A domestic robot formed to perform household tasks in a factory may not effectively rub the sink or eliminate garbage when deployed in a user's kitchen, because this new environment differs from its training space.
To avoid this, engineers often try to match the simulated training environment as closely as possible with the real world where the agent will be deployed.
However, MIT researchers have now found that, despite this conventional wisdom, the training sometimes in a completely different environment gives a better efficient artificial intelligence agent.
Their results indicate that, in certain situations, the formation of an AI agent simulated in a world with less uncertainty, or “noise”, allowed him to perform better than a competitor agent formed in the same noisy world they used to test the two agents.
Researchers call for this unexpected phenomenon the indoor formation effect.
“If we learn to play tennis in an inner environment where there is no noise, we may be able to master different plans more easily. Then, if we go to a noisier environment, like a windy tennis court, we may have a higher probability of playing tennis well than if we are starting to learn in the windy environment, “explains Serena Bono, a research assistant in the MIT media laboratory and the main author of an article on the Audor training effect.
The interior training effect: unexpected gains of distribution changes in the transition function
Video: Mit Center for Brains, Minds and Machines
The researchers studied this phenomenon by forming AI agents to play atari games, which they modified by adding a certain unpredictability. They were surprised to note that the indoor training effect occurred through Atari games and variations in play.
They hope that these results will fuel additional research to develop better training methods for AI agents.
“This is an entirely new axis to think. Rather than trying to match training and testing environments, we can be able to build simulated environments where an AI agent learns even better, “adds co-author Spandan Madan, a student graduated at Harvard University.
Bono and Madan are joined on the newspaper by Ishaan Grover, a student graduated from MIT; Mao Yasueda, a graduate student at the University of Yale; Cynthia Breazeal, professor of arts and media sciences and leader of the personal robotics group in MIT Media Lab; Hanspeter Pfister, Professor An Wang of Computer Science at Harvard; And Gabriel Kreiman, professor at the Harvard Medical School. Research will be presented to the association for the Advancement of Artificial Intelligence Conference.
Training disorders
Researchers have decided to explore why strengthening learning agents tend to have such dismal performance when they are tested in environments that differ from their training space.
Learning strengthening is a test and error method in which the agent explores a training space and learns to take measures that maximize his reward.
The team has developed a technique to explicitly add a certain amount of noise to an element of the strengthening learning problem called the transition function. The transition function defines the probability that a agent goes from one state to another, depending on the action it chooses.
If the agent plays PAC-Man, a transition function could define the probability that the ghosts on the game board move up, the bottom, the left or the right. In learning standard strengthening, AI would be formed and tested using the same transition function.
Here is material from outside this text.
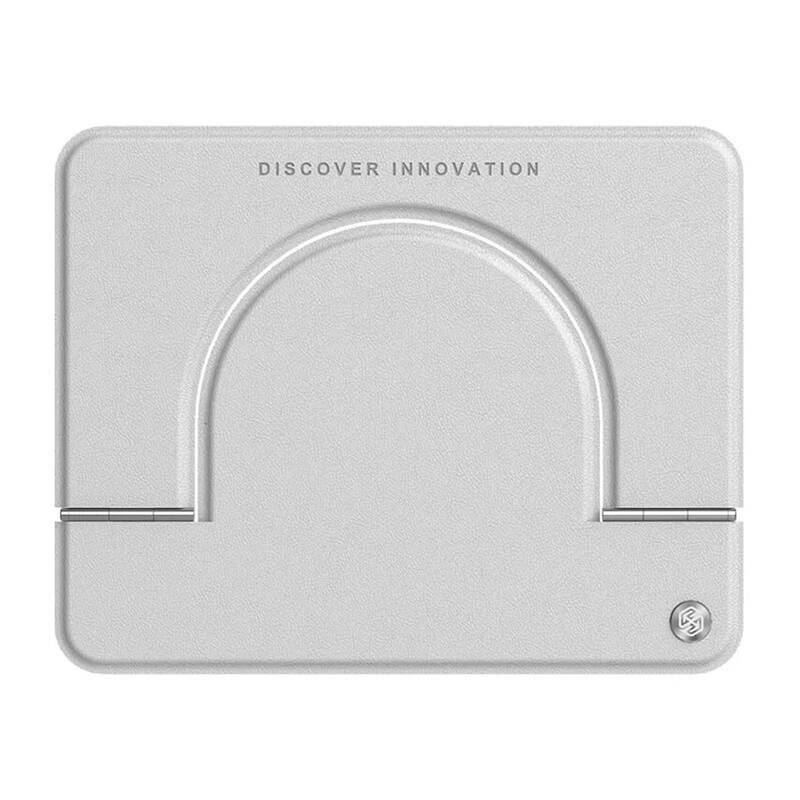 Nillkin FlexWing Magnetischer Ständer für Tablet (grau)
The researchers added noise to the transition function with this conventional approach and, as expected, this has harmed the PAC-Man performance of the agent.
But when the researchers trained the agent with a noise-free Pac-Man game, then tested him in an environment where they injected noise into the transition function, he worked better than a ratings agent.
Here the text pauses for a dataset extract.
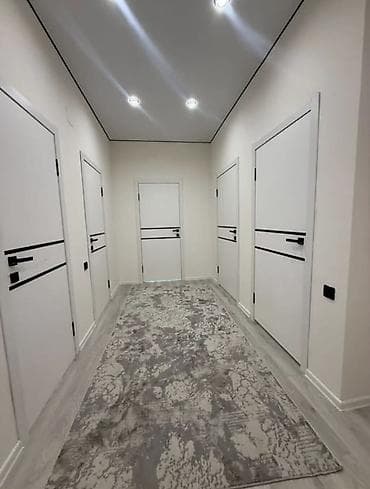 дешевле квартира: 2 комнаты, 69 м², Элитка, 4 этаж, Евроремонт — 3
“The basic rule is that you should try to capture the transition function of the deployment condition as well as you can during the training to get the most out of it for your money. We really tested this idea to death because we could not believe it ourselves,” said Madan.
The injection of different quantities of noise in the transition function allows researchers to test many environments, but that has not created realistic games. The more noise in PAC-Man, the more the ghosts are likely to teleport to random on different squares.
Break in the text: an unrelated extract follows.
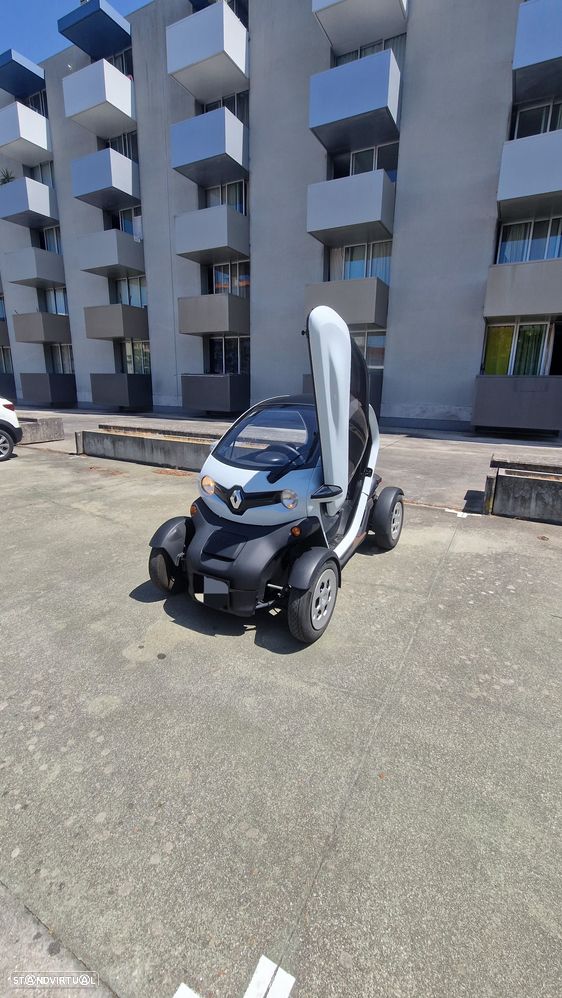 Renault Twizy - 8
To see if the indoor training effect occurred in the normal PAC-Man games, they adjusted the underlying probabilities so that the ghosts are moving normally but were more likely to go up and down, rather than on the left and on the right. AI agents formed in noise -free environments have worked even better in these realistic games.
“It was not only due to the way we added noise to create ad hoc environments. This seems to be a property of the problem of learning to strengthen. And it was even more surprising to see, ”explains Bono.
Exploration explanations
When the researchers dug more deeply in search of an explanation, they saw some correlations in the way in which the agents of the AI explore the training space.
When the two AI agents explore the same areas mainly, the agent trained in the non-numeal environment works better, perhaps because it is easier for the agent to learn the rules of the game without the interference of noise.
If their exploration models are different, the agent trained in the noisy environment tends to work better. This can happen because the agent must understand the models he cannot learn in the noise -free environment.
“If I only learn to play tennis with my forehand in the non -noise environment, but in the noisy, I also have to play with my setback, I will not play as well in the non -noise environment,” explains Bono.
In the future, researchers hope to explore how indoor training effect could occur in more complex strengthening learning environments, or with other techniques such as computer vision and natural language processing. They also wish to build training environments designed to take advantage of the interior training effect, which could help AI agents to perform better in uncertain environments.